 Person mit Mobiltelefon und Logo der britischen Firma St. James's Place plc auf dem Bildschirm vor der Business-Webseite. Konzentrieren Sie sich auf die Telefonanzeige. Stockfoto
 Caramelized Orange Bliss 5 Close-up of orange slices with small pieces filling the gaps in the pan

--

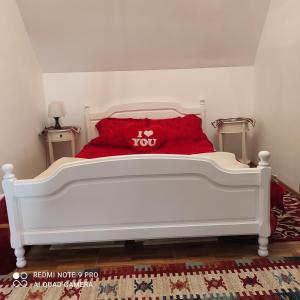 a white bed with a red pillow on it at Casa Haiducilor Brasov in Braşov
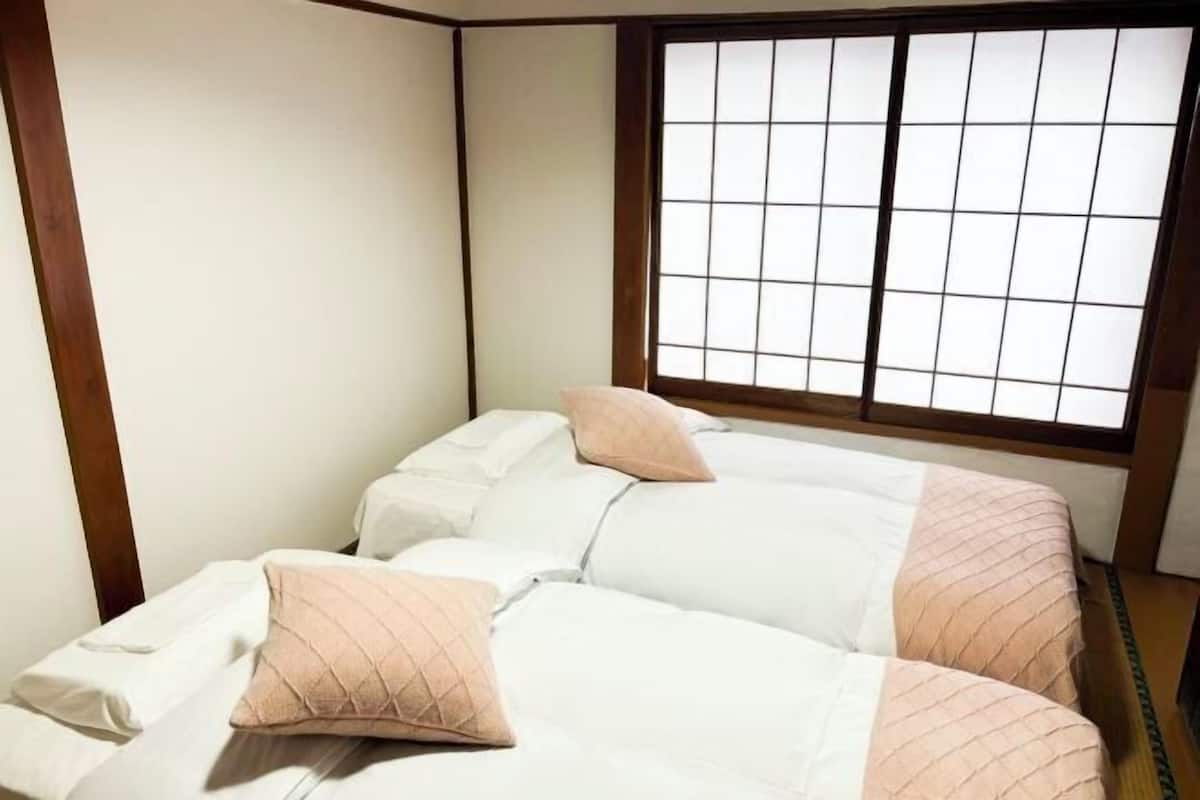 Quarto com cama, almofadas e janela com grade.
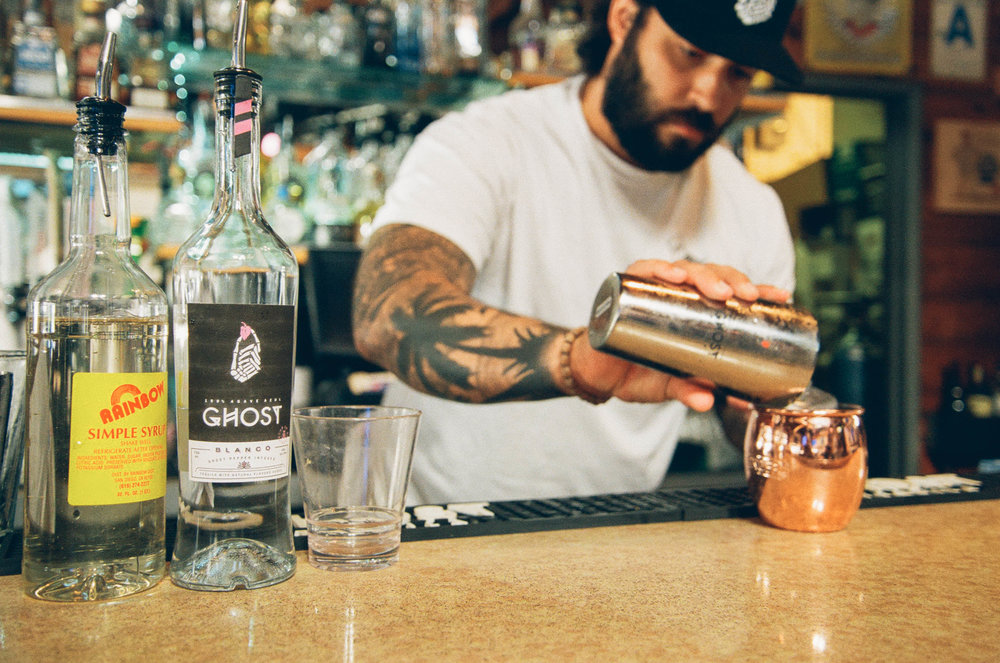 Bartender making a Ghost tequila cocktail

= What the task requires =
When you reach the line containing "Person mit Mobiltelefon" in the data above, start copying exactly, and stop after the line containing "Caramelized Orange Bliss".

= Result of the task =
 Person mit Mobiltelefon und Logo der britischen Firma St. James's Place plc auf dem Bildschirm vor der Business-Webseite. Konzentrieren Sie sich auf die Telefonanzeige. Stockfoto
 Caramelized Orange Bliss 5 Close-up of orange slices with small pieces filling the gaps in the pan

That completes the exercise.